The embezzlement by Tetsushi Oshita, 43, then chief producer of the sports section in the Sapporo bureau, was unearthed at a time when the government is considering making payment of its subscription fees mandatory.
Since 2004 when a similar embezzlement case came to light, the number of households refusing to pay such fees that account for most of NHK’s revenue has sharply been increasing, seriously affecting its operation.
Questioned by NHK executives, Oshita said with his head down, “I could not stop. I may be ill,” according to a company source. He had been the Number two man in the soccer hook-up staff and did his work seriously and diligently, the source said.
He began recording fictitious business trips in January 2001 without being noticed by other company employees.
Even after a spate of scandals involving NHK, he continued to embezzle money. For about five years until April this year, the total of known NHK embezzlement cases numbered 242. Money swindled was spent for clothing, wining and dining.
After the 2004 incident, NHK created strict standards for payment of performing fees and picking broadcast writers. Goods management was also made stricter, and a method to manage even each ballpoint pen was introduced at some workplaces.

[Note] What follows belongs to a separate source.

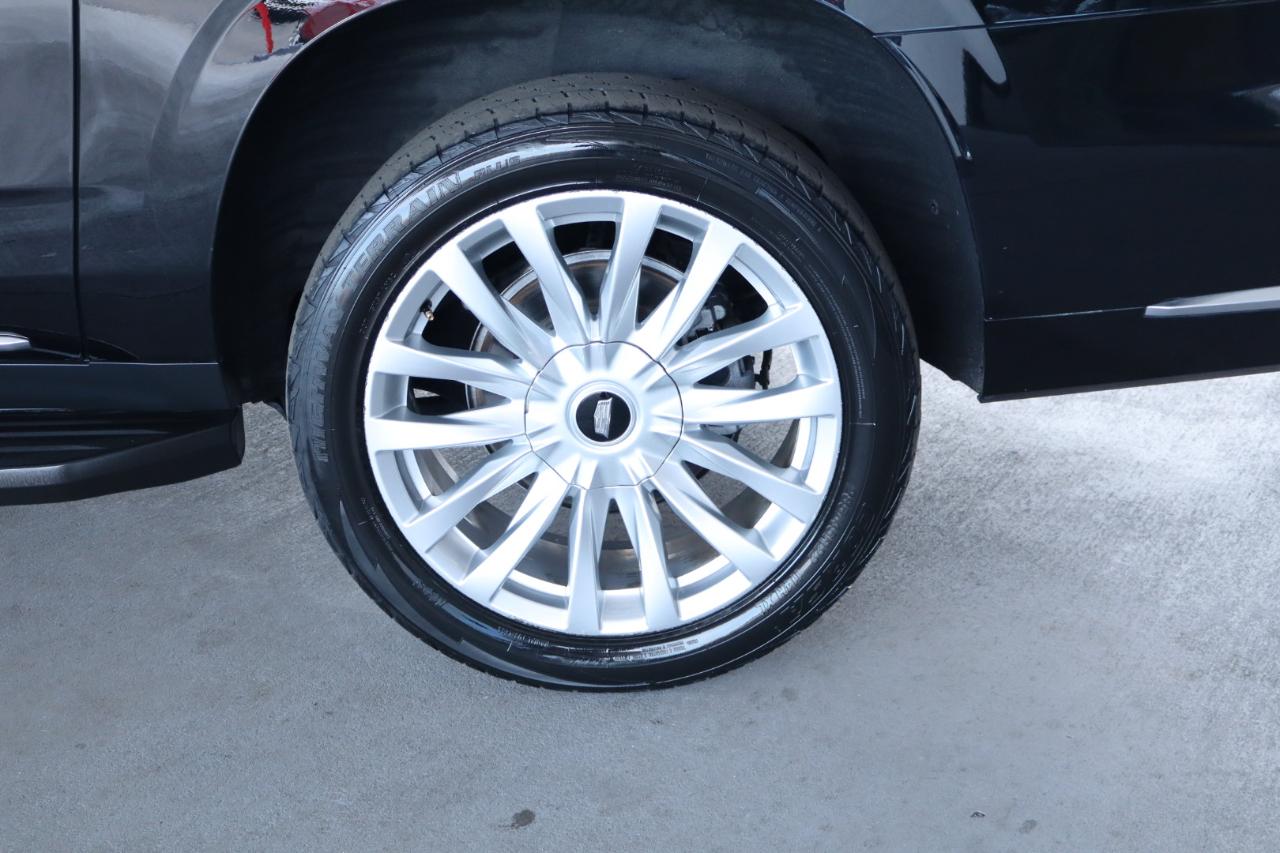 Cadillac Escalade ESV 2WD 4dr Luxury 2022
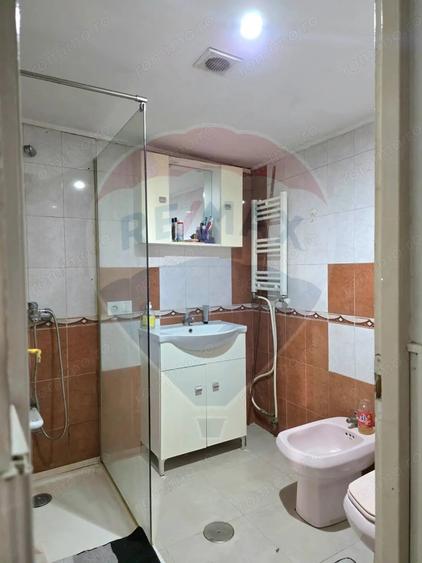 Casă cu Teren 262 Mp în Vitrometan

Submission of business trip reports was made obligatory along specific explanations of hotel and transportation expenses, with receipts attached. However, there was still a loophole. Such reports were not required for single-day trips.
An NHK sports reporting centre executive said, “We noticed nothing, although we thoroughly checked.”But even among NHK employees, there are some who cast doubts about the company’s oversight. “It is strange that such unfairness has been overlooked for a long period of time,” said one employee.
“You should declare a new-born NHK after checking whether there are collusive relations between producers and performers. Even now, someone is (embezzling),” a member of the ruling Liberal Democratic Party’s subcommittee on the communication and broadcasting industries told NHK Chairman Genichi Hashimoto at a meeting on Thursday last week.
At a press conference after Friday’s cabinet meeting, Heizo Takenaka, minister of internal affairs and communications, said, “The people are looking at the affairs regrettably, saying ‘again.’ A lack of (corporate) governance is causing distrust among audiences, making them reluctant to pay subscription fees.” Angry telephone calls are flooding NHK, a huge media organization with about 17,000 employees including those at its subsidiaries.
With the latest incident, NHK has ordered all departments to investigate their business and check business trips as quickly as possible to prevent a recurrence.
Toyohiko Harada, broadcasting general manager, told a news conference, “It is painful for us to have been unable to get to the bottom of the unfairness. We will make sure to check loopholes and errors in oversight by all means.” The new case of embezzlement is badly shaking a “new-born NHK” which had begun to move on a three-year programme from this fiscal year. “The current scandal should be made the last one,” said an employee.